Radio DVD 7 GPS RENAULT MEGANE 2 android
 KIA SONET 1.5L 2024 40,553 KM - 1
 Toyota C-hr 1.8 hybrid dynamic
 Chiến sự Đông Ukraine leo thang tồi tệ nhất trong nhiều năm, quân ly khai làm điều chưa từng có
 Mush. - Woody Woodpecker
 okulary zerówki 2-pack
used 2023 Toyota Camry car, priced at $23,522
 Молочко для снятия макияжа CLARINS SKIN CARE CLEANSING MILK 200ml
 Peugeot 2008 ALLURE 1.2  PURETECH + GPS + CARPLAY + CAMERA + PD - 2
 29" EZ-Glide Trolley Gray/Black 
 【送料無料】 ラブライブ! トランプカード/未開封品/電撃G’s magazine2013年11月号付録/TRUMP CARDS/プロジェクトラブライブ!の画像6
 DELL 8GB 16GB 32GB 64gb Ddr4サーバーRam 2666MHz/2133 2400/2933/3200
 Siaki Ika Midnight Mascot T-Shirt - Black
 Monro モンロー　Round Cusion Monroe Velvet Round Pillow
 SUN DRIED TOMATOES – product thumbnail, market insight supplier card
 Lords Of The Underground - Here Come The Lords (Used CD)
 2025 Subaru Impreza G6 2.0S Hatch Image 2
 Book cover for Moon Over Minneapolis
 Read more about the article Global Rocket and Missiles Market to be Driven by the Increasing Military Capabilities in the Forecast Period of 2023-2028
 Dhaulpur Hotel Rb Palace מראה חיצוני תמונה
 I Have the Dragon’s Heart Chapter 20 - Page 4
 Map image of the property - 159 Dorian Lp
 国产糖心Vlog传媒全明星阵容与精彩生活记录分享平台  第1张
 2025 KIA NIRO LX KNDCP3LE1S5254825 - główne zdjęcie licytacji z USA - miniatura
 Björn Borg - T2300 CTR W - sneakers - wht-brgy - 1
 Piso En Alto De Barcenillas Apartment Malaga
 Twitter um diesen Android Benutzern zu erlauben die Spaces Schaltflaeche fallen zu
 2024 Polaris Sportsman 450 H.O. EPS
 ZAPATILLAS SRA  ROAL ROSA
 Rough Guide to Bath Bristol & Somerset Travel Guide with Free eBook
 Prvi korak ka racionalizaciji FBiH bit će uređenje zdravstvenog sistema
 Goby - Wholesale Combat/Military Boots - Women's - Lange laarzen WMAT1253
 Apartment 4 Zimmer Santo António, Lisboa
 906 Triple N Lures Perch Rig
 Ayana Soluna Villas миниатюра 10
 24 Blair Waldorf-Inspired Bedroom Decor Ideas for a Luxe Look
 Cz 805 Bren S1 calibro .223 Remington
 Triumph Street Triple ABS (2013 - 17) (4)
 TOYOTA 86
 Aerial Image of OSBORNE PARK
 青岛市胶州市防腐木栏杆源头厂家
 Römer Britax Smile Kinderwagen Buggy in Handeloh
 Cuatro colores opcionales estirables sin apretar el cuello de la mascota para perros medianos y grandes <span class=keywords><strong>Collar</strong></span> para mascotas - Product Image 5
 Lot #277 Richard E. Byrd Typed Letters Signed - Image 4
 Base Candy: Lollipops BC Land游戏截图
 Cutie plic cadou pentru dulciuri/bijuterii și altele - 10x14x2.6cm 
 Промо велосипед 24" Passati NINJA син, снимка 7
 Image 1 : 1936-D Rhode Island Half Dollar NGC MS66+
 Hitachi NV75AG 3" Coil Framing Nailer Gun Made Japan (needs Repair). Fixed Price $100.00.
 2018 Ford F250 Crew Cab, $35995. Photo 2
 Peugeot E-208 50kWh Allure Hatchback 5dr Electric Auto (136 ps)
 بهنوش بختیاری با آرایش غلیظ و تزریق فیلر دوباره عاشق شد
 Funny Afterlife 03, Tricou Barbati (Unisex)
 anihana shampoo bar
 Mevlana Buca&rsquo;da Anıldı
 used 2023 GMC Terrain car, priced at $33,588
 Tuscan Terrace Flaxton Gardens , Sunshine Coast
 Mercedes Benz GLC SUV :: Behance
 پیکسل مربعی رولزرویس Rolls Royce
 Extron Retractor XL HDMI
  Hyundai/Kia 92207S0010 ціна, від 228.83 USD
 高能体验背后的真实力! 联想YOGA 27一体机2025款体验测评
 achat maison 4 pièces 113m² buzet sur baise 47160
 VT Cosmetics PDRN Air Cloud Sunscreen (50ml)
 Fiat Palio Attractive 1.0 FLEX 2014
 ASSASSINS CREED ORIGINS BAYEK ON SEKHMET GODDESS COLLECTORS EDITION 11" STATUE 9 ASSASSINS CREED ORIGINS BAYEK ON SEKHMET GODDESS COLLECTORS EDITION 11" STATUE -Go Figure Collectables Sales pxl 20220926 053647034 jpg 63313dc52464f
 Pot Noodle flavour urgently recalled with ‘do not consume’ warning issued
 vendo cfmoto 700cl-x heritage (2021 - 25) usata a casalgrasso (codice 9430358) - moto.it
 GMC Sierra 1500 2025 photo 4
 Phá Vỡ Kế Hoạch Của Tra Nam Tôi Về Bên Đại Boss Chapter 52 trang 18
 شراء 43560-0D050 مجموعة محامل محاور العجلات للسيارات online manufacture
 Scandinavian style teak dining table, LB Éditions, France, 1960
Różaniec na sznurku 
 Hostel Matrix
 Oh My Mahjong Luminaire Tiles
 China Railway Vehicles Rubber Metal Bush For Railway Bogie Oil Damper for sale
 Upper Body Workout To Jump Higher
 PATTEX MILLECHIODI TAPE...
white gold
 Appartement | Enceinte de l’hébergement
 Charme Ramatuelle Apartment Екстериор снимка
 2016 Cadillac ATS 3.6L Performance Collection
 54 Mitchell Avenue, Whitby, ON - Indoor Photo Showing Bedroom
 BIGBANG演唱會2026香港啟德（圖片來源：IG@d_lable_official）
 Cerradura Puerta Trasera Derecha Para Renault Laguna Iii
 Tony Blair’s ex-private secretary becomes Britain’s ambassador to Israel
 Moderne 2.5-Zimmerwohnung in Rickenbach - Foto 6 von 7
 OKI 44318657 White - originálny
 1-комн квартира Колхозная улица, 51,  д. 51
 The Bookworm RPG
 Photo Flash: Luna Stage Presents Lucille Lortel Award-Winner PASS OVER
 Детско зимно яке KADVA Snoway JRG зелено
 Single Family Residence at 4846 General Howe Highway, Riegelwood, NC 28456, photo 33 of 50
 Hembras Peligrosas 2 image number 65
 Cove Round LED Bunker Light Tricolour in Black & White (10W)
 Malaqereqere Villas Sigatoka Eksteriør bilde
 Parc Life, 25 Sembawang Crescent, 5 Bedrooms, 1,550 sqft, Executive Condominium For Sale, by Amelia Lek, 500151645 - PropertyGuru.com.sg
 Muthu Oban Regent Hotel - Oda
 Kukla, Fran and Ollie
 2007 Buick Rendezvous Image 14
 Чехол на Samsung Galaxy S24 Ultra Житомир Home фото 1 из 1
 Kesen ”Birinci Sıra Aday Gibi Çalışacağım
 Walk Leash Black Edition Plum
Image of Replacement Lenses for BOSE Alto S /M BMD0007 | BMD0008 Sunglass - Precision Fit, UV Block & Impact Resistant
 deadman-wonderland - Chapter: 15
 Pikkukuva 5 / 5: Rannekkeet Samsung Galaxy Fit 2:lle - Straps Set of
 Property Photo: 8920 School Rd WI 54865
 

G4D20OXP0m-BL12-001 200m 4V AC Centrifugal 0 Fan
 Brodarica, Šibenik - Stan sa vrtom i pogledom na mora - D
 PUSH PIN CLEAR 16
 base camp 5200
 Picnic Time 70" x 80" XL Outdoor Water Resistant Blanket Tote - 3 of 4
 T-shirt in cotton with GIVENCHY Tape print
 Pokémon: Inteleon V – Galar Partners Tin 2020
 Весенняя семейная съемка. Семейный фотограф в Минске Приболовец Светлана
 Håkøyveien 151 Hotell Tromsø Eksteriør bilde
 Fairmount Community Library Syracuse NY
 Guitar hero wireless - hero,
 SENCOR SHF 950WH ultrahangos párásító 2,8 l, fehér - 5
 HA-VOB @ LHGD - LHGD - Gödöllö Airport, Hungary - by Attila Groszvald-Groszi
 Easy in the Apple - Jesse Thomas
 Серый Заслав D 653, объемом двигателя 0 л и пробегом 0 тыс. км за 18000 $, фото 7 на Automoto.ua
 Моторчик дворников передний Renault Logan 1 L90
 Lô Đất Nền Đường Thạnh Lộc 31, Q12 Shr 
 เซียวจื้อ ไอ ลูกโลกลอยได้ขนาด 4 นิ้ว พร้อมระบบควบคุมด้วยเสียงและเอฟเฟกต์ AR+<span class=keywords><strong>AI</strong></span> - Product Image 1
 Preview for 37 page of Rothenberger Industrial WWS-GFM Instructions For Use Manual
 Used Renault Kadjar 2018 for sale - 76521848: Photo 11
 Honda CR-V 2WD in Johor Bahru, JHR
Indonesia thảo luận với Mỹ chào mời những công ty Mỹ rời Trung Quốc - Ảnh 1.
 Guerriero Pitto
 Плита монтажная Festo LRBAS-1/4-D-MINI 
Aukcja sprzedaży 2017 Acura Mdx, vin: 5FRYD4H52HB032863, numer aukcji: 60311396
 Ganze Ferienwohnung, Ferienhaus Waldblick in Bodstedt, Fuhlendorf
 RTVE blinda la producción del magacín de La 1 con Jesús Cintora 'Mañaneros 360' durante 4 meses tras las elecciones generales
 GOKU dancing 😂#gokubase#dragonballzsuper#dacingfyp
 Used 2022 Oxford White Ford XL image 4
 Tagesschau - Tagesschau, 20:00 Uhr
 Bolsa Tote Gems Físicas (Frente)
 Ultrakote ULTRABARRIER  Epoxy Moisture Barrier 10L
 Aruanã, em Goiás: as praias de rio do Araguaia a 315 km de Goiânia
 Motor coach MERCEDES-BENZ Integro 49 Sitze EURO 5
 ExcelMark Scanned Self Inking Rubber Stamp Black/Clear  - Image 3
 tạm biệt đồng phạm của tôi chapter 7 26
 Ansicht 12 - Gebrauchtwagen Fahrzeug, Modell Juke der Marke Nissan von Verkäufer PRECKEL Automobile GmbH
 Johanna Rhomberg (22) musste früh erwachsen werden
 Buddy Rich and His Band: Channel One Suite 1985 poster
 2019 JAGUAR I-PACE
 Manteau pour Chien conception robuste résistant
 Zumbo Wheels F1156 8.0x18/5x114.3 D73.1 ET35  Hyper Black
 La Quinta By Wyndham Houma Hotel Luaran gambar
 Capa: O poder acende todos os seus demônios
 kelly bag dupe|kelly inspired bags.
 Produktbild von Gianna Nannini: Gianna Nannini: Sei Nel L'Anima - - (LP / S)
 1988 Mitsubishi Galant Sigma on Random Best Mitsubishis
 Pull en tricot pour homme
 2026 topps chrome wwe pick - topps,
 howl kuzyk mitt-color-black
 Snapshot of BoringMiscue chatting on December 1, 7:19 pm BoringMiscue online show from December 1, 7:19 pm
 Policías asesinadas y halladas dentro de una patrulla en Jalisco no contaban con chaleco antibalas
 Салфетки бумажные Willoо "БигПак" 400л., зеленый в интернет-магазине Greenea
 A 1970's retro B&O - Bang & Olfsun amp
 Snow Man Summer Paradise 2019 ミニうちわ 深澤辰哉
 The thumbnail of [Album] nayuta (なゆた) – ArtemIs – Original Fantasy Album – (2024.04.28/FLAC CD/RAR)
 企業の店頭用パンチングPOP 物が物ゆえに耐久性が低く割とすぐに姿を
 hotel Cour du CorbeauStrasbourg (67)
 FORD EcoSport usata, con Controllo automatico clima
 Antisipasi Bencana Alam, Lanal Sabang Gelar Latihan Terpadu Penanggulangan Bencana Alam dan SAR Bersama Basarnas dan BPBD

§ §

Task goal
Look through the data above and return exactly the lines from the one that contains "เซียวจื้อ ไอ ลูกโลกลอยได้ขนาด" to the one that contains "kelly bag dupe|kelly inspired bags.", inclusive, with nothing else.

Output of the exercise
 เซียวจื้อ ไอ ลูกโลกลอยได้ขนาด 4 นิ้ว พร้อมระบบควบคุมด้วยเสียงและเอฟเฟกต์ AR+<span class=keywords><strong>AI</strong></span> - Product Image 1
 Preview for 37 page of Rothenberger Industrial WWS-GFM Instructions For Use Manual
 Used Renault Kadjar 2018 for sale - 76521848: Photo 11
 Honda CR-V 2WD in Johor Bahru, JHR
Indonesia thảo luận với Mỹ chào mời những công ty Mỹ rời Trung Quốc - Ảnh 1.
 Guerriero Pitto
 Плита монтажная Festo LRBAS-1/4-D-MINI 
Aukcja sprzedaży 2017 Acura Mdx, vin: 5FRYD4H52HB032863, numer aukcji: 60311396
 Ganze Ferienwohnung, Ferienhaus Waldblick in Bodstedt, Fuhlendorf
 RTVE blinda la producción del magacín de La 1 con Jesús Cintora 'Mañaneros 360' durante 4 meses tras las elecciones generales
 GOKU dancing 😂#gokubase#dragonballzsuper#dacingfyp
 Used 2022 Oxford White Ford XL image 4
 Tagesschau - Tagesschau, 20:00 Uhr
 Bolsa Tote Gems Físicas (Frente)
 Ultrakote ULTRABARRIER  Epoxy Moisture Barrier 10L
 Aruanã, em Goiás: as praias de rio do Araguaia a 315 km de Goiânia
 Motor coach MERCEDES-BENZ Integro 49 Sitze EURO 5
 ExcelMark Scanned Self Inking Rubber Stamp Black/Clear  - Image 3
 tạm biệt đồng phạm của tôi chapter 7 26
 Ansicht 12 - Gebrauchtwagen Fahrzeug, Modell Juke der Marke Nissan von Verkäufer PRECKEL Automobile GmbH
 Johanna Rhomberg (22) musste früh erwachsen werden
 Buddy Rich and His Band: Channel One Suite 1985 poster
 2019 JAGUAR I-PACE
 Manteau pour Chien conception robuste résistant
 Zumbo Wheels F1156 8.0x18/5x114.3 D73.1 ET35  Hyper Black
 La Quinta By Wyndham Houma Hotel Luaran gambar
 Capa: O poder acende todos os seus demônios
 kelly bag dupe|kelly inspired bags.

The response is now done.